In HTML, we can identify the starting line number with the ordered list's start attribute. In the absence of CSS and JavaScript, the list of verses will still display with the proper numbers, but we prefer to display line numbers for each fifth line, rather than every line, and that's a presentation issue.


The stylesheet does the following:

  1. It suppresses line numbers so that they may be conditionally revealed as needed.
  2. It reveals the line numbers based on the value of the start attribute (i.e., only lines ending in 5 or 0 will display, regardless of the start number).
  3. It indents even-numbered lines if a poem is composed in couplets, whether the start line is even or odd.
  4. It provides proper indentation for strophes (verse patterns greater than two lines).

In a strophe (e.g., a repeating ABCD pattern), the logic for indentation changes based upon whether the first line is an A, B, C, or D line.

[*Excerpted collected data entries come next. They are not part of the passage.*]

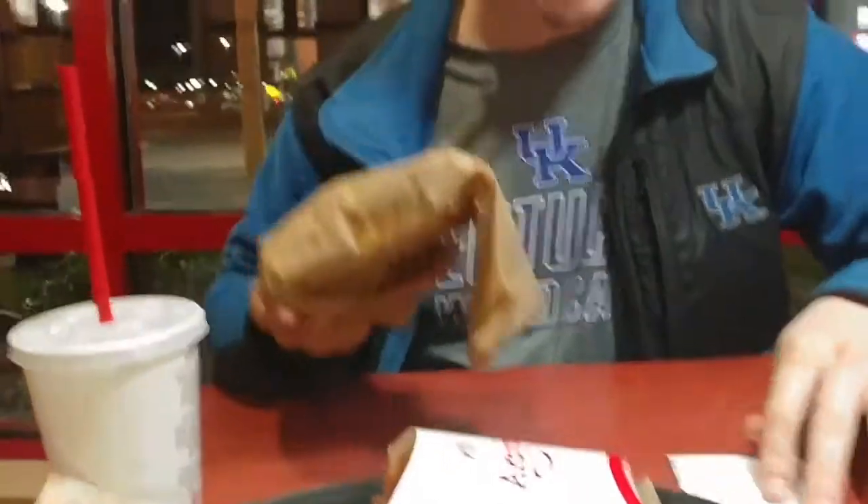You can get this Reuben for $4.99 for just the sandwich. If you want the small meal it's $6.99, and the medium or large meal is like $7.49. But just for the Reuben sandwich itself, it's $4.99.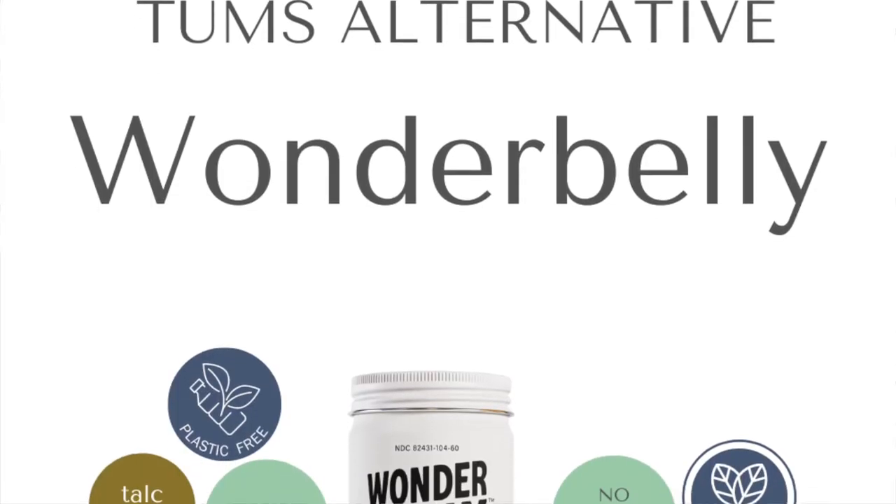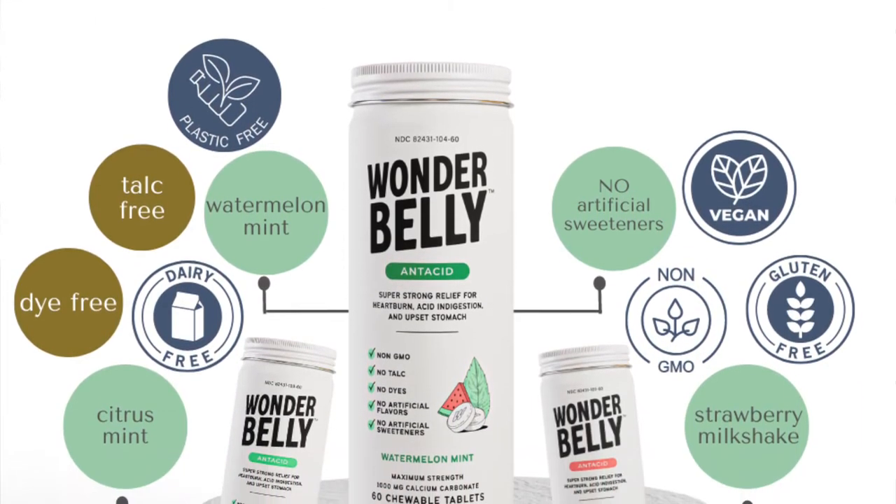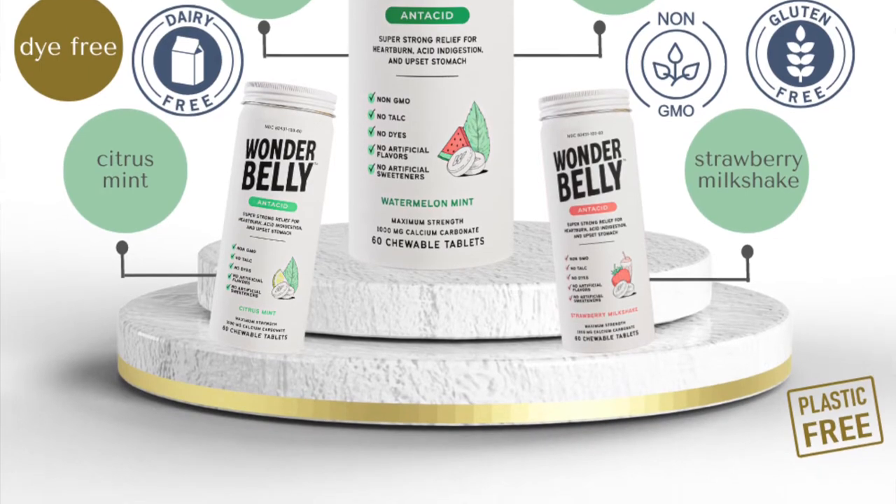Okay, so let's keep going with more awesome things about this product. Non-GMO, vegan, gluten-free, dairy-free, happy for your stomach, very minimal ingredients, no dyes, no artificial flavors, and no artificial sweeteners. After all of that is said, how does it taste? What does it taste like? What are the flavors? That's what I want to do next.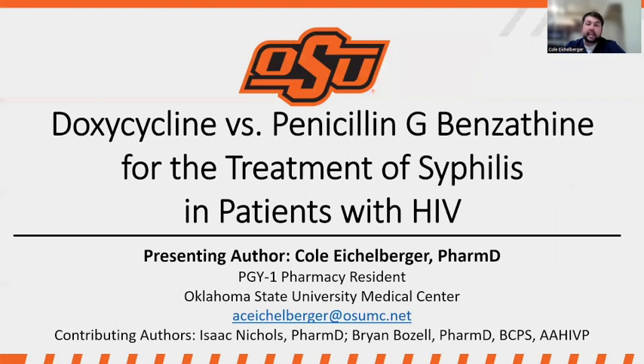Here are my references. I appreciate you listening to this presentation. If you have any questions, please feel free to reach out to me at the email listed on this slide. Thank you.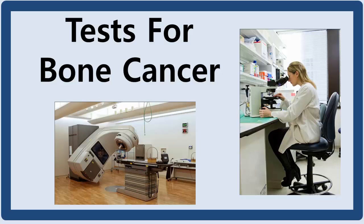Hello, ladies and gentlemen. I will explain today tests for bone cancer. This is related with my previous bone cancer symptoms video.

All of this is accounted for by a small number of classes. Two classes cover the vast majority of classical verse:

  • .verse ensures that every fifth line is numbered
  • .couplet indents even numbered lines

A few more complex classes cover most strophic poetry:

  • .from-B, .from-C, and .from-D, are used with strophes when a passage is quoted from any but the first line in the ABCD pattern.
  • .indent-C and .indent-D are used when either the C or D needs to be indented
  • .indent-C-D is used in the special case where the C line is indented and the D line is indented even further (e.g., Alcaic).


The optional jQuery replaces native numbering with a CSS counter that resembles the types of line numbers used in print. It does so by pulling in the start value from the ordered list and performing a calculation (since CSS counters are zero based), and applying a new set of styles.